The essence of Owens’s (and West’s) message is that the obsessive focus on historical racism as the determining factor in the lives of American blacks today victimizes them by stripping them of individual agency. Candace Owens is certainly not the first black thinker to express such ideas. Thomas Sowell, Shelby Steele, Walter E. Williams, and my Manhattan Institute colleague, Jason Riley, have made similar arguments. As Jason D. Hill wrote in Commentary, in a response to Ta-Nahesi Coates’s victimhood opus, Between the World and Me:

I am saddened by your conviction that white people wield such a great deal of metaphysical power over the exercise of your own agency. In making an enemy of the Dream that is a constitutive feature of American identity, you have irrevocably alienated yourself from the redemptive hope, the inclusive unity, and the faith and charity that are necessary for America to move ever closer to achieving moral excellence. Sadder still, you have condemned the unyielding confidence in self that the Dream inspires.
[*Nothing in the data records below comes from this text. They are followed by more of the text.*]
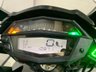 USED 2015 15 KAWASAKI Z1000 GFF, ABS - BUY ONLINE 24 HRS A DAY - FINANCE AVAILABLE - ALL TYPES OF CREDIT ACCEPTED WITH SC PROJECT RACE EXHAUST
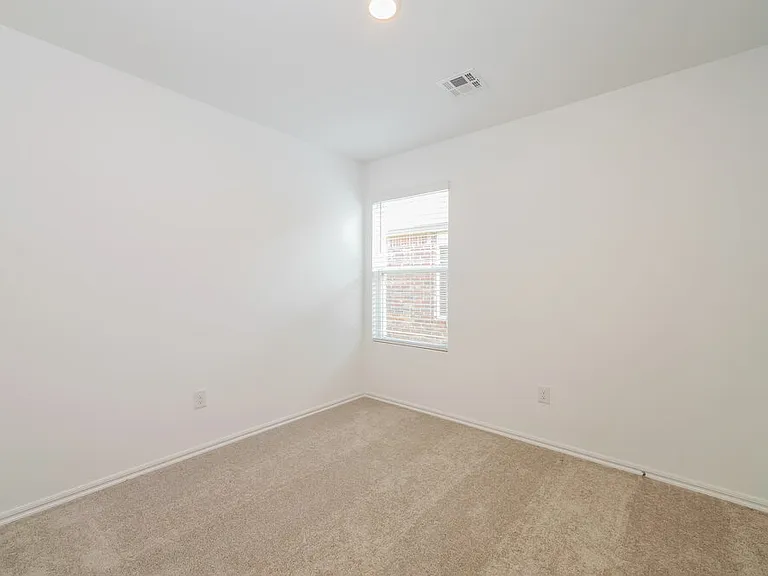 10041 Appaloosa Ln — Photo 17
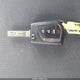 JTDEPRAE9LJ095060 2020 Toyota Corolla Le auction photo thumbnail 11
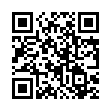 qrcode for WD1683365248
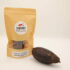 Cabosse de Cacao entière (1p)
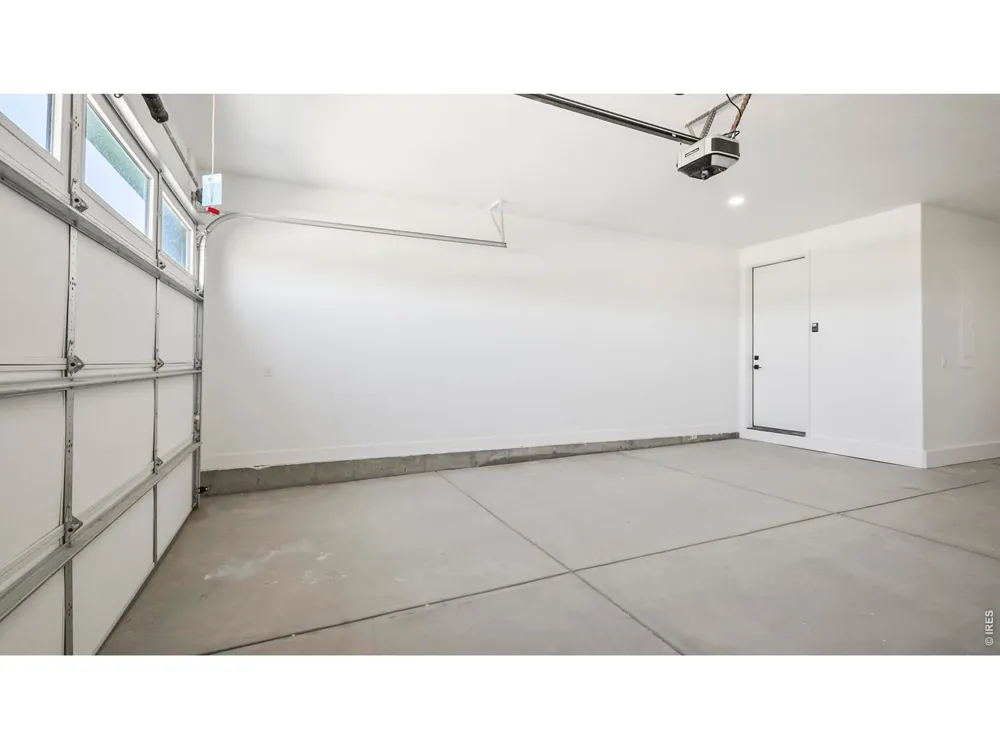448 Cache Avenue Fort Morgan, CO 80701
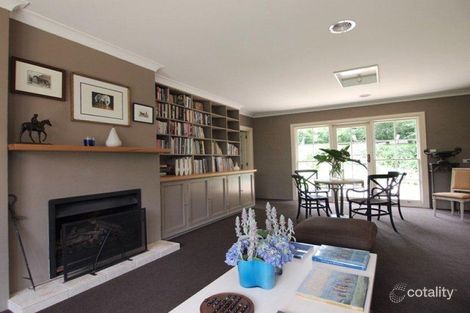 Property photo of 62 Argyle Street Moss Vale NSW 2577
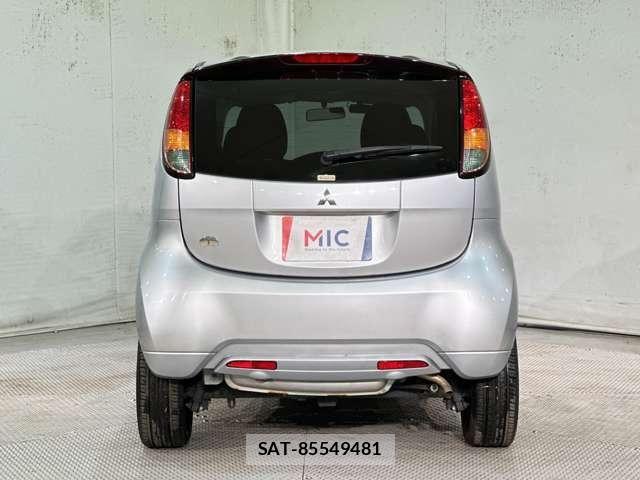 Mitsubishi I 2012-07 8456775-5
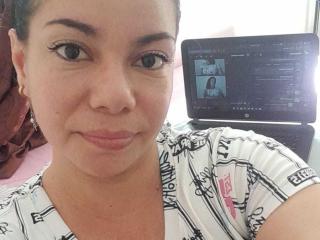 HypnoticBella Videos Liveshows - Photo 4/5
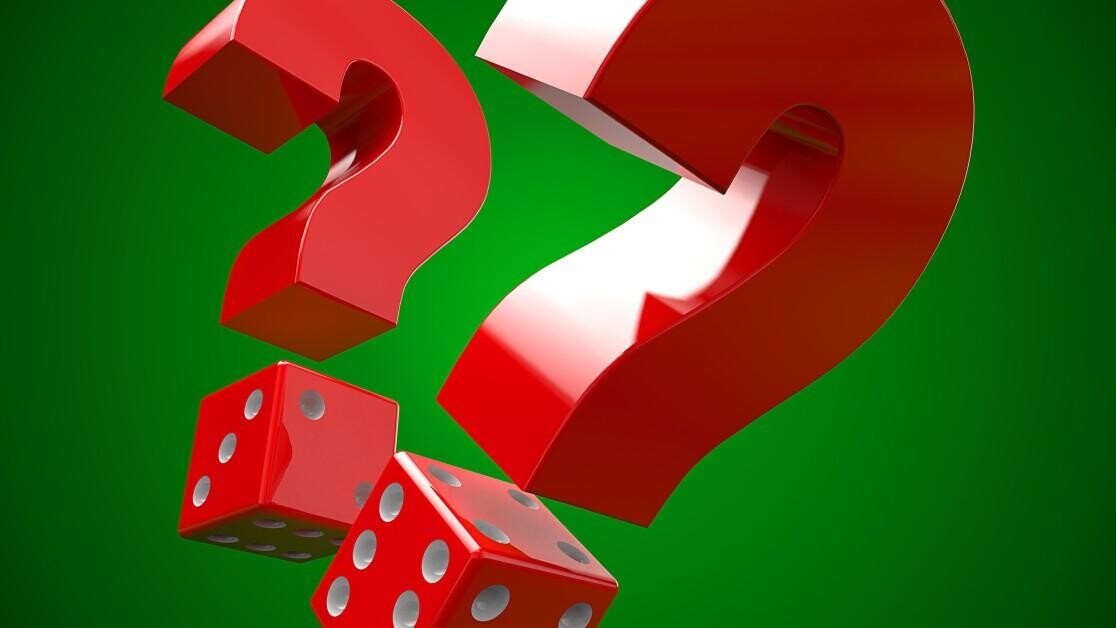 Profitable Horse Racing Betting System - Racing Post Ratings Improvers? Profitable Horse Racing Betting System - Racing Post Ratings Improvers?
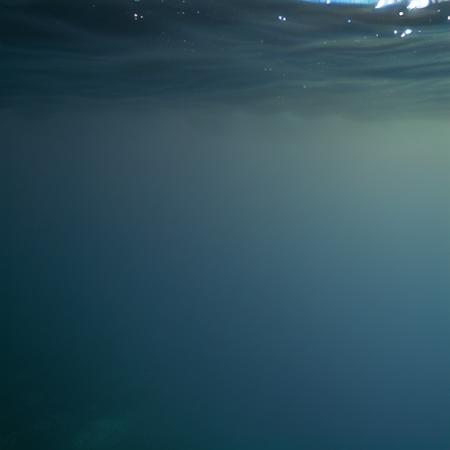 murky deep water distant shadow , 
 <lora:thalassophobia:1>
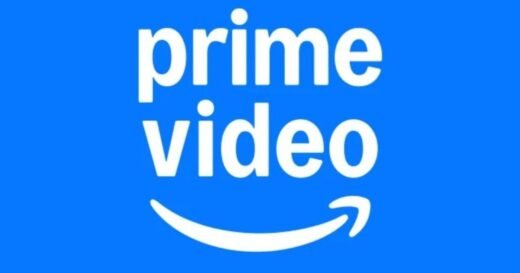 ‘Best war movie ever’ is now streaming on Amazon Prime | Films | Entertainment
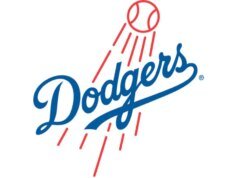 美國職棒大聯盟(MLB)在PED爭議中調查隊醫,道奇隊面臨質疑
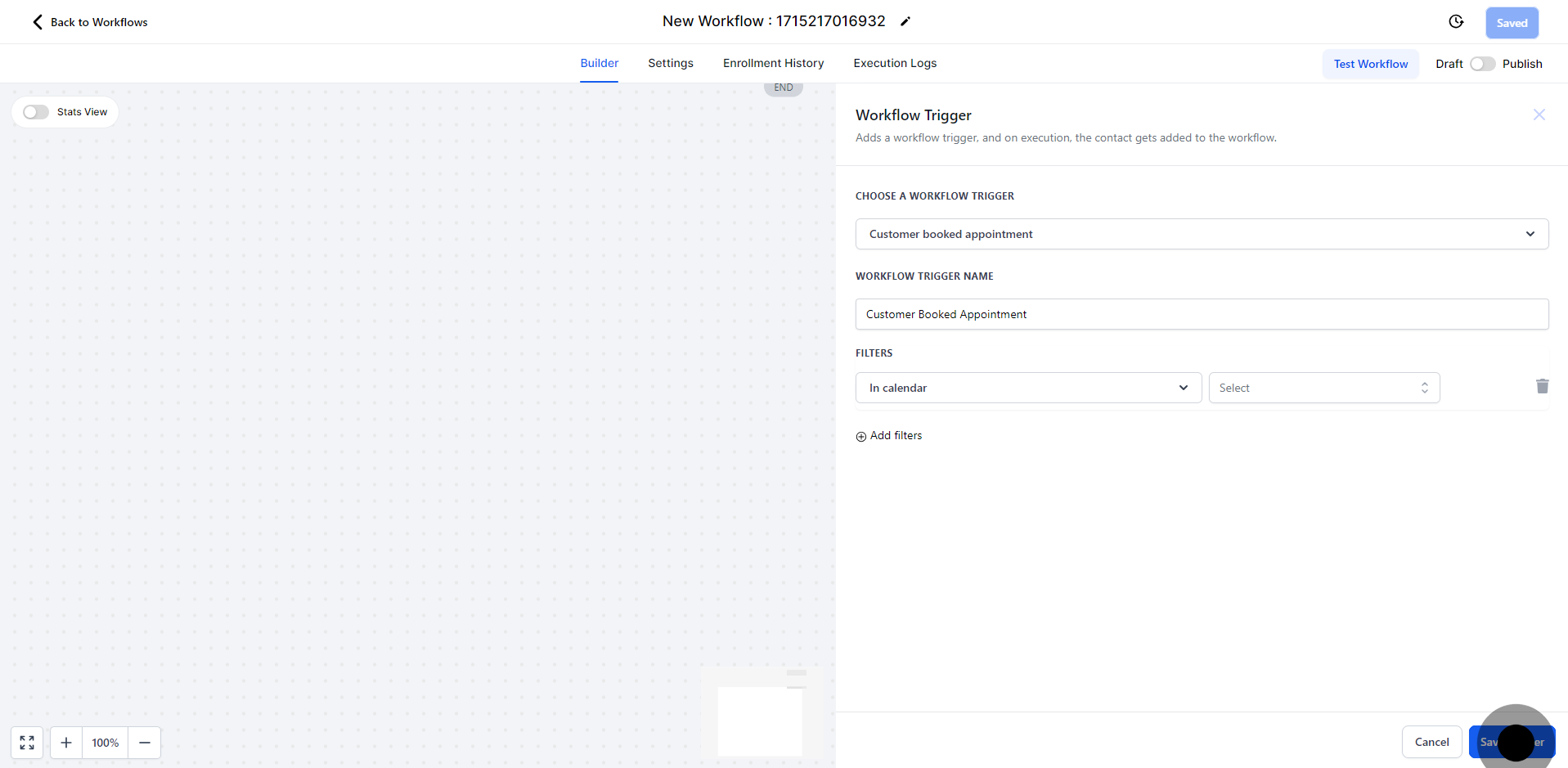 15 Upload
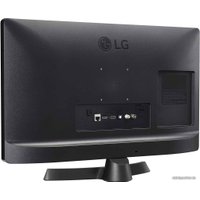 Телевизор LG 24TQ510S-PZ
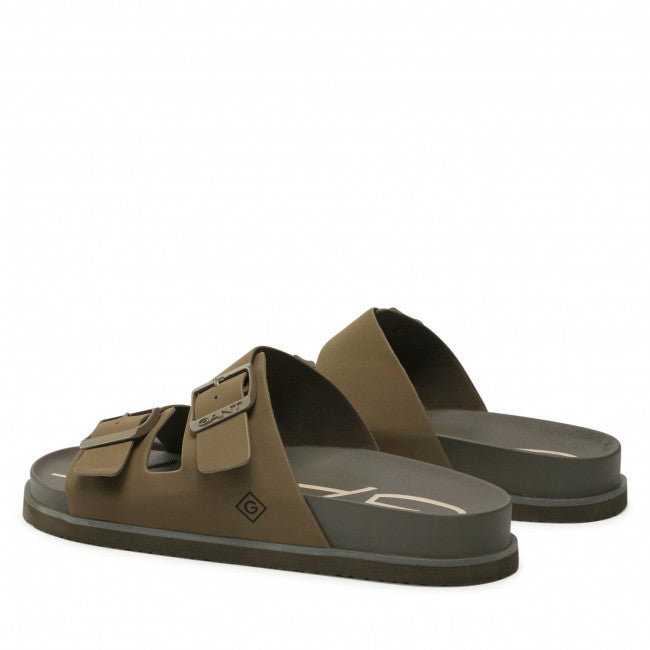 Palbuddy Sport Sandal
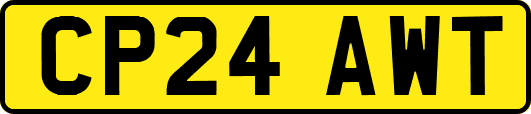 CP24AWT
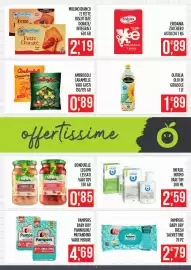 Volantino Euroesse Pagina 3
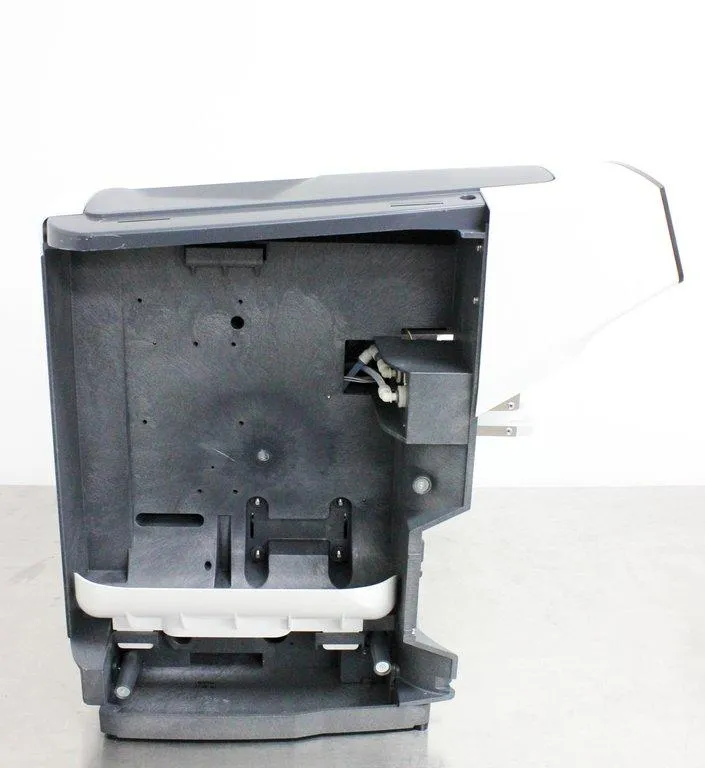 Sartorius Arium Mini Essential Water H20-MU-UV-T-US Purification System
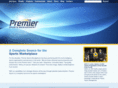 premiersportsonline.com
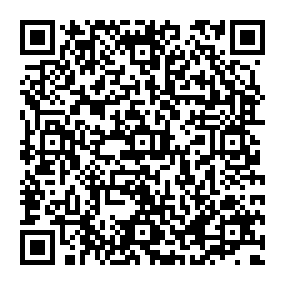 Partagez la fiche de la sépulture de MULLER CODARIN Patricia avec ce QRCode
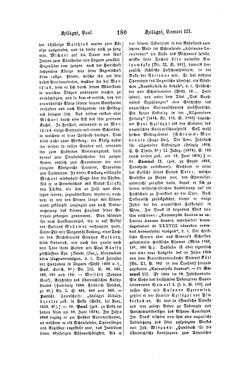 Bild der Seite - 180 - in Biographisches Lexikon des Kaiserthums Oesterreich - Szedler-Taasse, Band 42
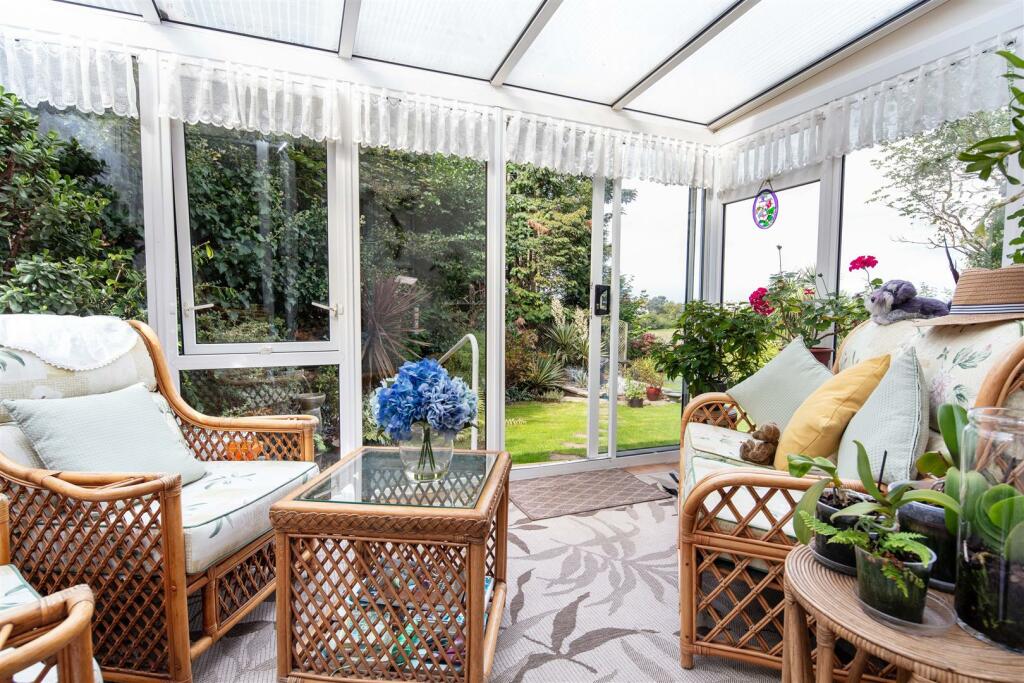 Additional image 12 of Home Farm Road, Abbots Leigh, Bristol, BS8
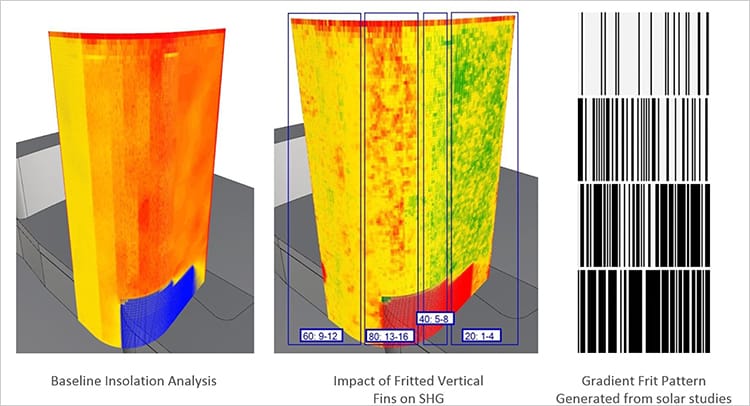 Capital One Bank Headquarters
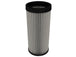 aFe MagnumFLOW Air Filters OER PDS A/F PDS GM C4500/550003-07 V8-6.6L/03-09 V8-8.1L aFe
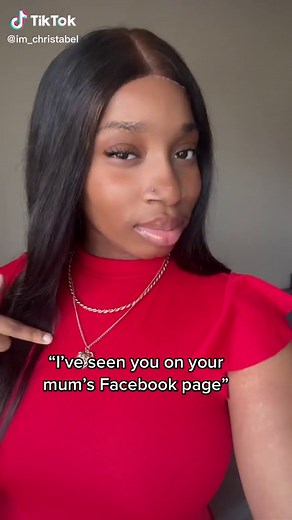 Discover the Meaning of Christabel in Hebrew and a Hilarious Mom Moment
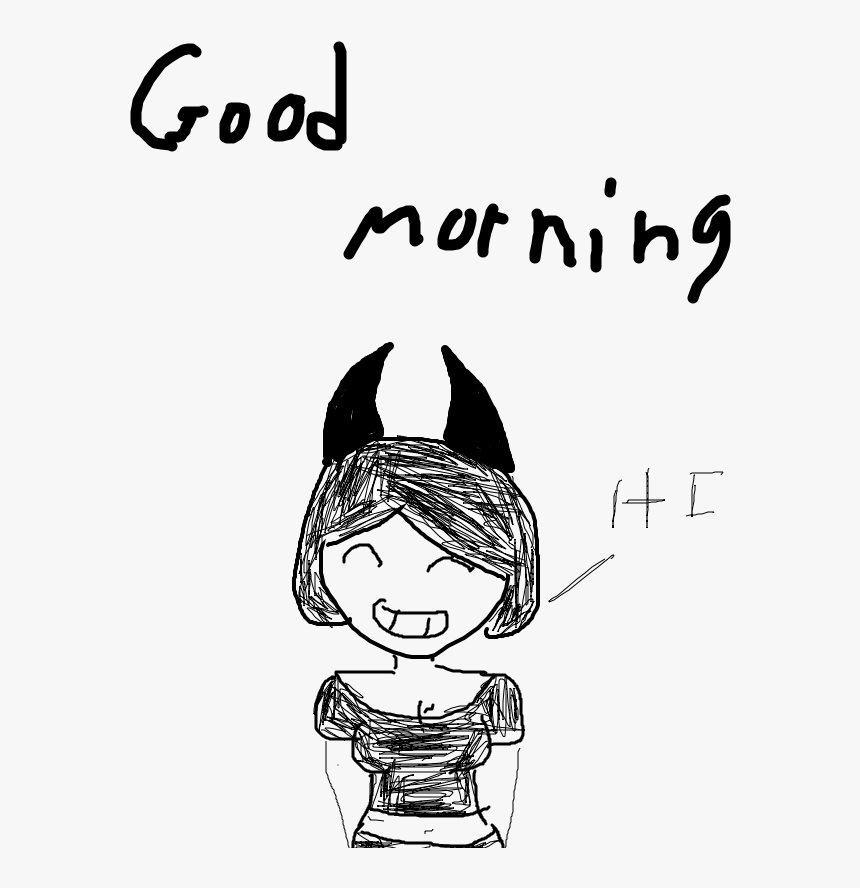 Cartoon, HD Png Download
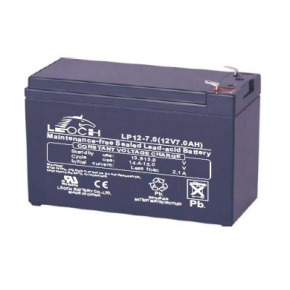 Batéria Fortron 12V/7Ah pre UPS Fortron/FSP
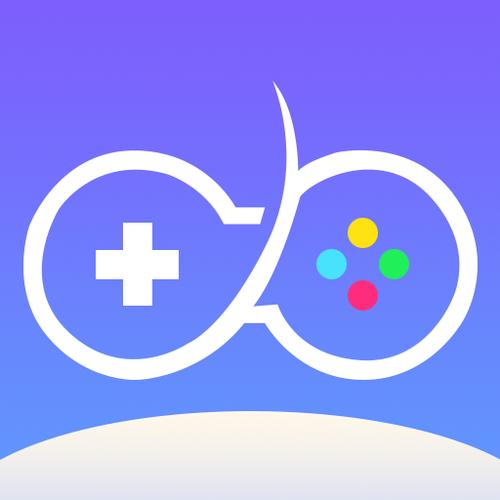 破解版单机游戏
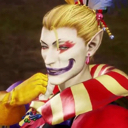 Zz1626402803kefkapng — Final Fantasy Characters option 64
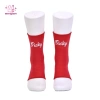 Muay Thái Bảo Vệ Mắt, Cá Chân & Nẹp Chân - Thiết Bị Tập Luyện 135k (Giảm 30%) 8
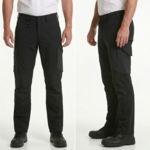 Tricorp Corporate Werkbroek 4-Way Stretch 502027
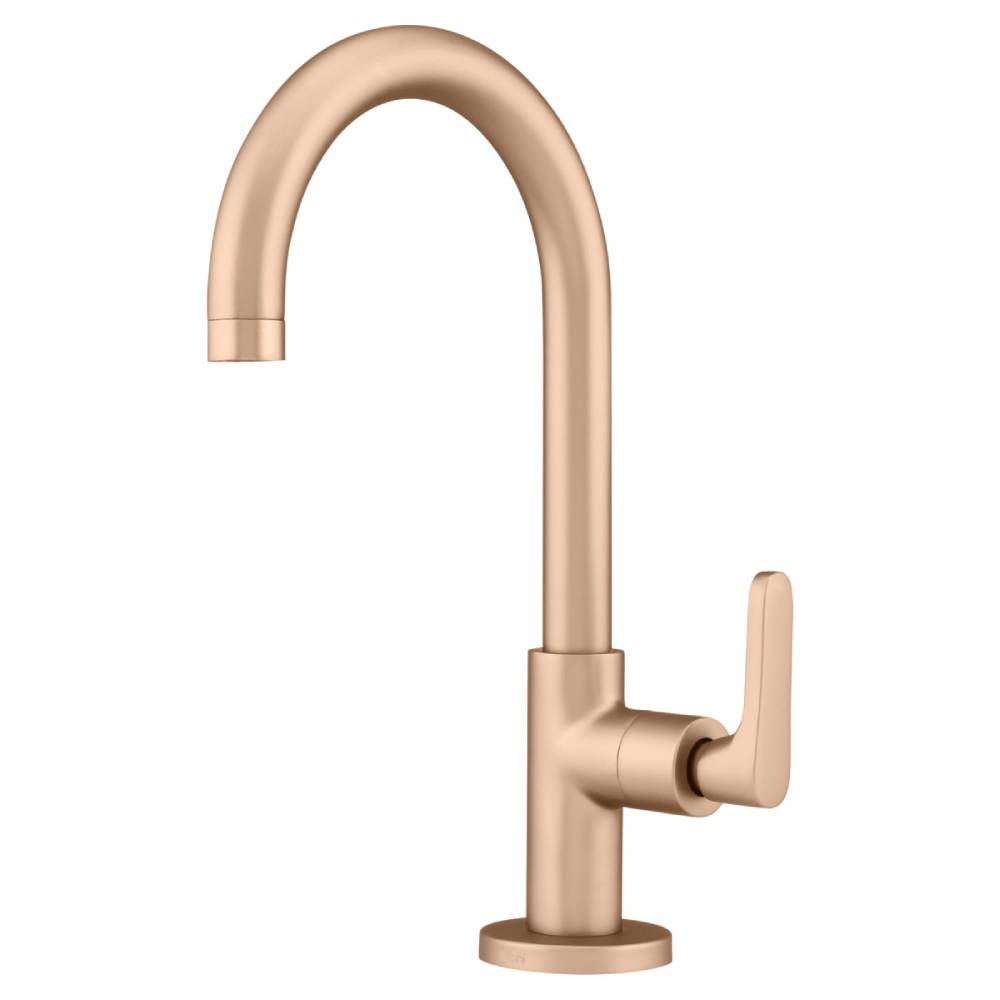 Torneira de Mesa Lavatório Túnis Clássica 1195-262 CH Torneira de Mesa Lavatório Túnis Clássica 1195-262 CH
West’s rejection of such a worldview represents a threat to the ideological monopoly that “social justice warriors” and Black Lives Matter advocates have enjoyed in the hip-hop universe. From its inception, the genre has generally reflected the left-wing consensus that minority communities are hapless victims of institutionalized racism and that individuals have no say in their destiny. For example, Big Pun’s “Capital Punishment” lays the woes of the ghetto at the feet of a government “system so organized, they’ll get to you and who you runnin’ with.” In “Murder to Excellence,” West himself asserts that the lower “life expectancy for black guys” reflects that “the system’s working effectively.”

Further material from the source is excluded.